3.6. Effect of contamination on unconfined compressive strength

Addition of contamination to cohesive soils was found to adversely affect shear strength as illustrated in Figure 13. In general, unconfined compressive strength of both CL and CH soils showed a slight decrease on the addition of effluent contamination. Unconfined compressive strength of CL and CH soils decreased by around 5% and 6%, respectively with contamination. The reduction of strength due to contamination is attributed to possible breakage of internal bonds (Umesha et al. 2012). Typical photographs of specimens before and after the unconfined compression test are shown in Figure 14.

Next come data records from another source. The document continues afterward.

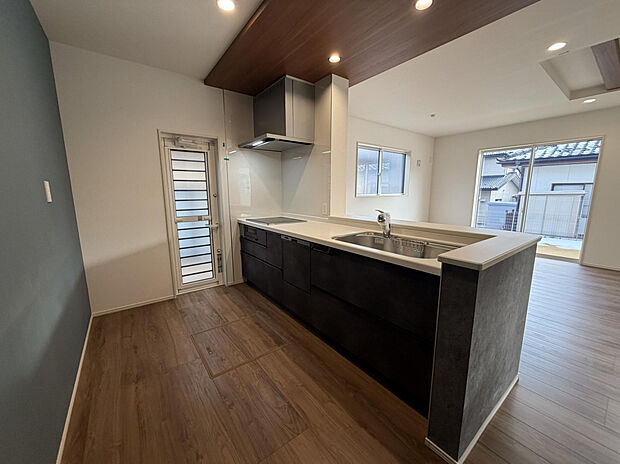 【キッチン】「見える安心」と「動きやすさ」を両立した対面キッチン。家族の会話が弾み、忙しい朝の準備もスムーズにこなせます。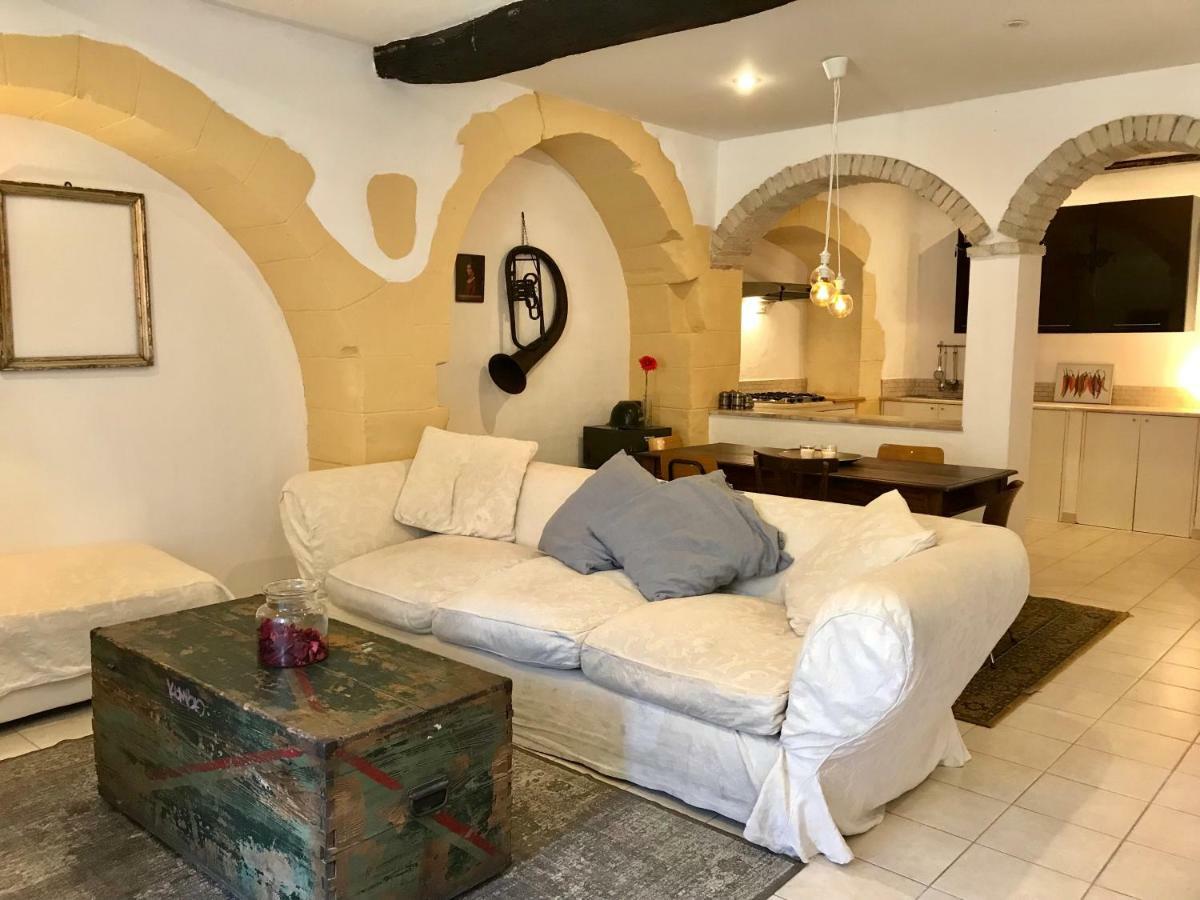 The Heart Of Cagliari, Cozy 2 Bedroom Apartment エクステリア 写真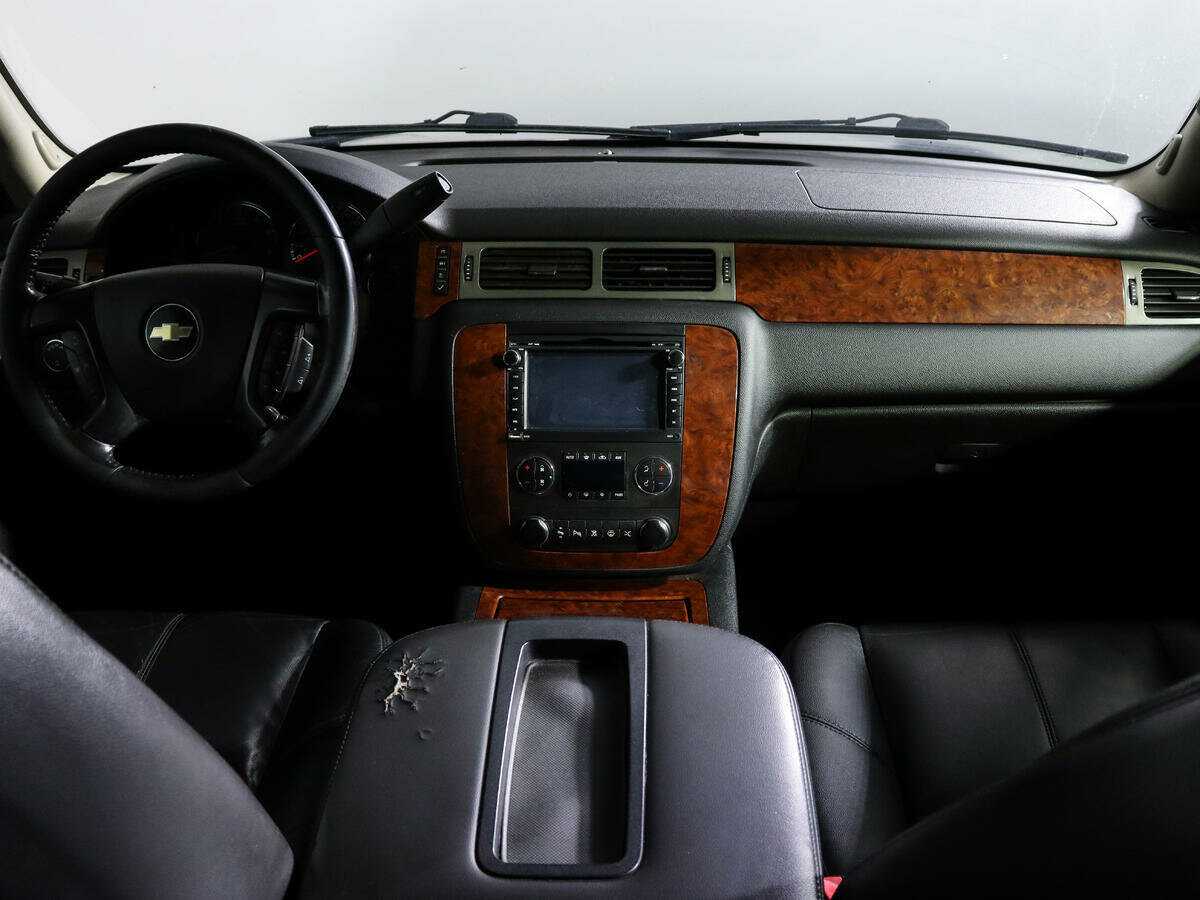 Chevrolet Tahoe с пробегом — 2008 год. Фото: #9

3.7. consolidation characteristics of contaminated soils

The consolidation characteristics of industrial effluent contaminated soils were evaluated by performing one-dimensional consolidation test on original, and contaminated soil specimens. The effect of effluent contamination on the rate of consolidation (represented by coefficient of consolidation, [C.sub.v]), and the magnitude of consolidation (represented by compression index, [C.sub.c]) are illustrated in Figures 15 and 16 respectively.

With the addition of acidic (paper industry) and basic (textile industry) contaminants, [C.sub.v] of CL soil decreased by 40.2% and 50.0%, and that of CH soil decreased by 50.8% and 60.9% respectively. Time required for the consolidation of contaminated soil would therefore be greater than that required for the completion of same degree of consolidation in the parent soil. [C.sub.v] is an indirect measure of soil permeability as well. Decrease in [C.sub.v] also indicates a reduction in the hydraulic conductivity of contaminated soil. Suspended solids in the industrial waste typically have very small particle size. These particles might clog the inter-particle space in parent soil sample thereby reducing the hydraulic conductivity.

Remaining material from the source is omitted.